Quick google queries reveal several that are part of commercial applications:
http://www.teamdev.com/downloads/jniwrapper/javadoc/com/jniwrapper/UInt64.html
http://publib.boulder.ibm.com/infocenter/rfthelp/v7r0m0/index.jsp?topic=/com.rational.test.ft.api.help/ApiReference/com/rational/test/value/UInt64.html
Operations with signed and unsigned integers are mostly identical, when using two's complement notation, which is what Java does. What this means is that if you have two 32-bit words a and b and want to compute their sum a+b, the same internal operation will produce the right answer regardless of whether you consider the words as being signed or unsigned. This will work properly for additions, subtractions, and multiplications.

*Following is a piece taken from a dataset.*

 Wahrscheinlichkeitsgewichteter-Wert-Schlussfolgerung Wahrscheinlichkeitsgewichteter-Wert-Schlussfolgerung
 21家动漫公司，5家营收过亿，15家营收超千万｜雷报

The operations which must be sign-aware include:
Right shifts: a signed right shift duplicates the sign bit, while an unsigned right shift always inserts zeros. Java provides the ">>>" operator for unsigned right-shifting.
Divisions: an unsigned division is distinct from a signed division. When using 32-bit integers, you can convert the values to the 64-bit long type ("x & 0xFFFFFFFFL" does the "unsigned conversion" trick).

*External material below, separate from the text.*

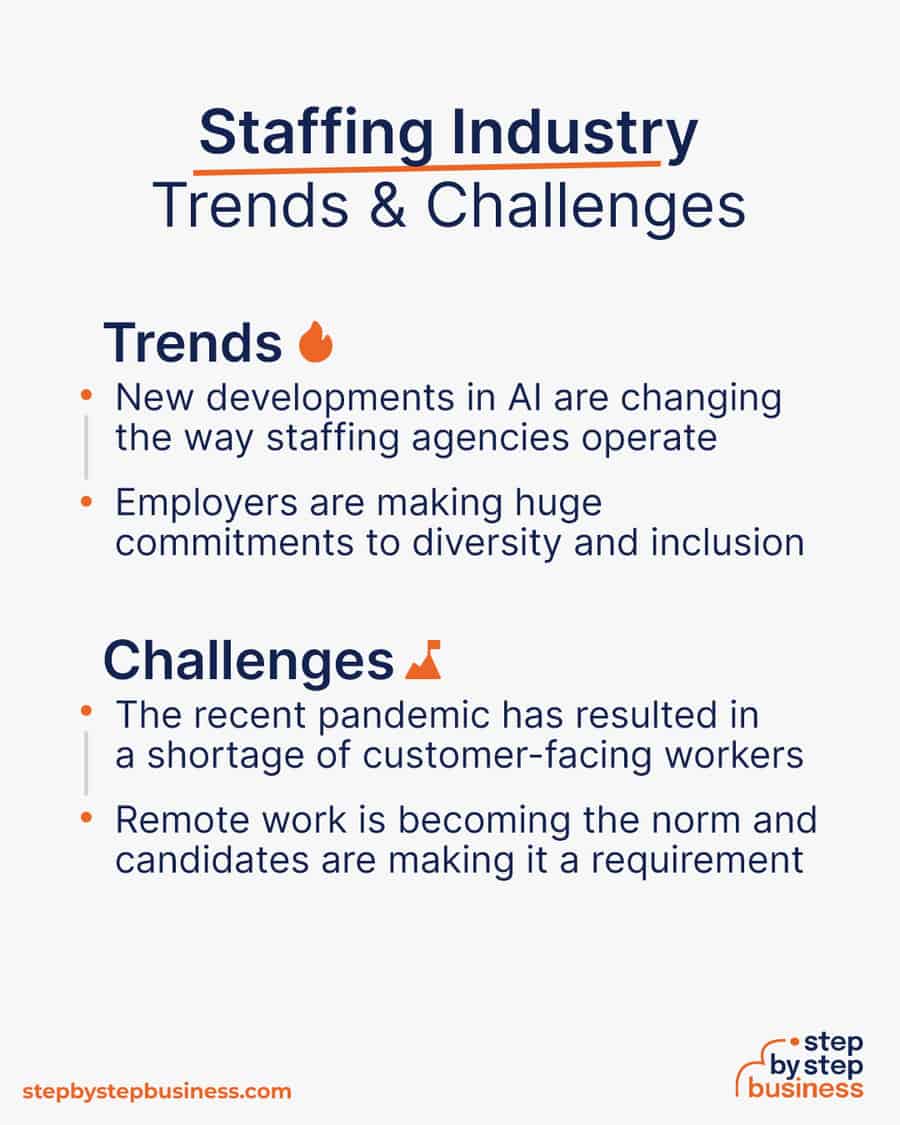 staffing agency Trends and Challenges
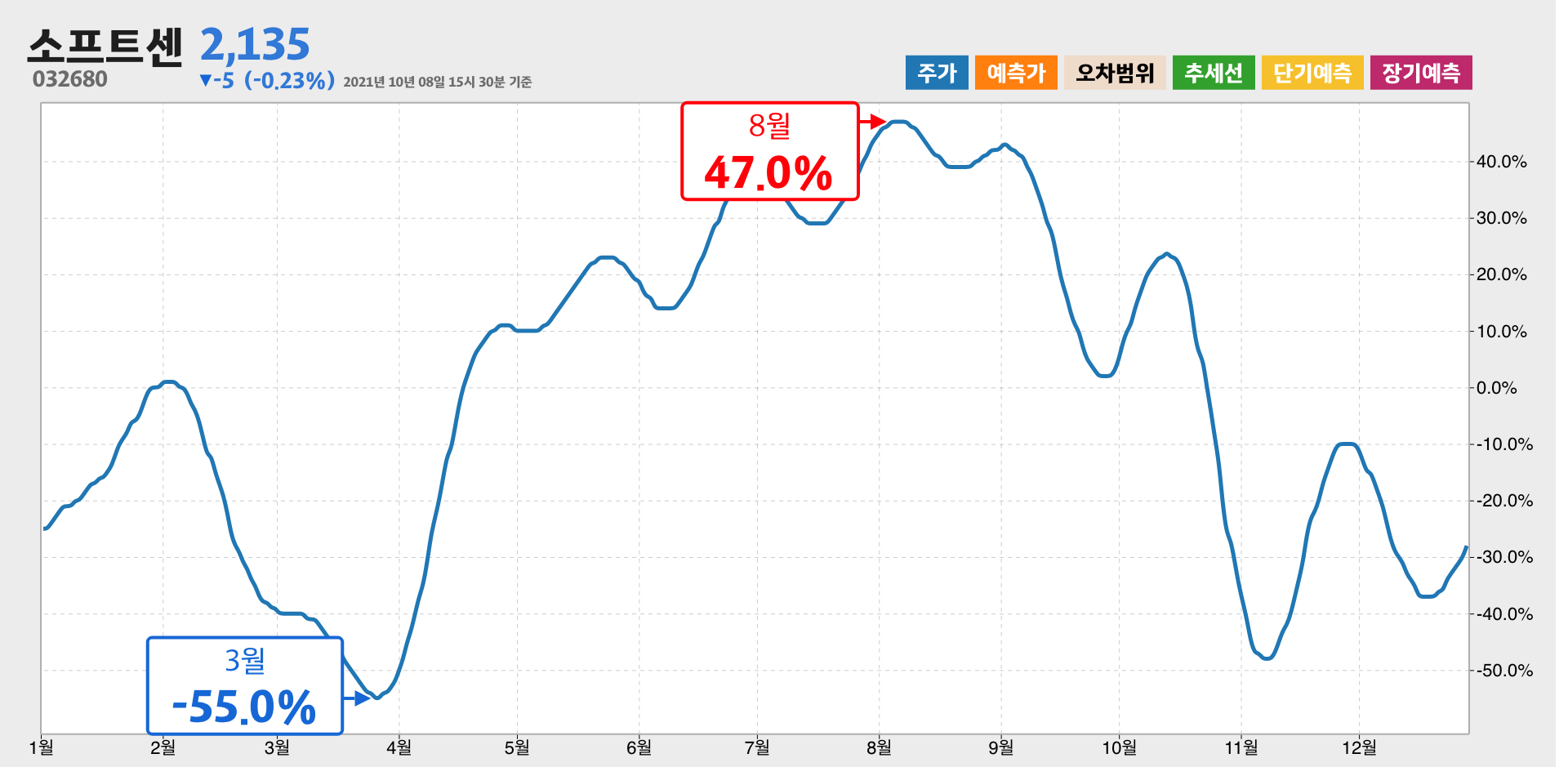 소프트센 1년간 통계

Comparisons: if you want to compare a with b as two 32-bit unsigned words, then you have two standard idioms:
if ((a + Integer.MIN_VALUE) < (b + Integer.MIN_VALUE)) { ... }
if ((a & 0xFFFFFFFFL) < (b & 0xFFFFFFFFL)) { ... }
Knowing that, the signed Java types are not a big hassle for cryptographic code. I have implemented many cryptographic primitives in Java, and the signed types are not an issue provided that you understand what you are writing. For instance, have a look at sphlib: this is an opensource library which implements many cryptographic hash functions, both in C and in Java. The Java code uses Java's signed types (int, long...) quite seamlessly, and it simply works.
Java does not have operator overloading, so Java-only "solutions" to get unsigned types will involve custom classes (such as the UInt64 class you link to), which will imply a massive performance penalty. You really do not want to do that.

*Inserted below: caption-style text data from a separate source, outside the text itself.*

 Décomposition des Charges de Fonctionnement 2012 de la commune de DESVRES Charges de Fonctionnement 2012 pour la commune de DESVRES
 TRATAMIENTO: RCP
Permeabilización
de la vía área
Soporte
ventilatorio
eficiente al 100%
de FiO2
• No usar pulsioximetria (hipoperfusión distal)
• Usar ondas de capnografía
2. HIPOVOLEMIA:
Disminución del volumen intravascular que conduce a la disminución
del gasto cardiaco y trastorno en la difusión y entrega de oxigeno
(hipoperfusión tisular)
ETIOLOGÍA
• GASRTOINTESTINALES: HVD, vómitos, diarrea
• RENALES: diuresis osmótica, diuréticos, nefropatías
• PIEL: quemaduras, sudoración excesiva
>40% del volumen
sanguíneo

Theoretically, one could define a Java-like language with unsigned types and implement a compiler which produces bytecode for the JVM (internally using the tricks I detail above for shifts, divisions and comparisons). I am not aware of any available tool which does that; and, as I said above, Java's signed types are just fine for cryptographic code (in other words, if you have trouble with such signed types, then I daresay that you do not know enough to implement cryptographic code securely, and you should refrain from doing so; instead, use existing opensource libraries).
This is a language feature, not a library feature, so there is no way to extend Java to support this functionality unless you change the language itself, in which case you'd need to make your own compiler.
However, if you need unsigned right-shifts, Java supports the >>> operator which works like the >> operator for unsigned types.
You can, however, make your own methods to perform arithmetic with signed types as though they were unsigned; this should work, for example:
static int multiplyUnsigned(int a, int b)
{
final bool highBitA = a < 0, highBitB = b < 0;
final long a2 = a & ~(1 << 31), b2 = b & ~(1 << 31);
final long result = (highBitA ? a2 | (1 << 31) : a2)
* (highBitB ? b2 | (1 << 31) : b2);
return (int)result;
}
Edit:
Thanks to #Ben's comment, we can simplify this:
static int multiplyUnsigned(int a, int b)
{
final long mask = (1L << 32) - 1;
return (int)((a & mask) * (b & mask));
}
Neither of these methods works, though, for the long type. You'd have to cast to a double, negate, multiply, and cast it back again in that case, which would likely kill any and all of your optimizations.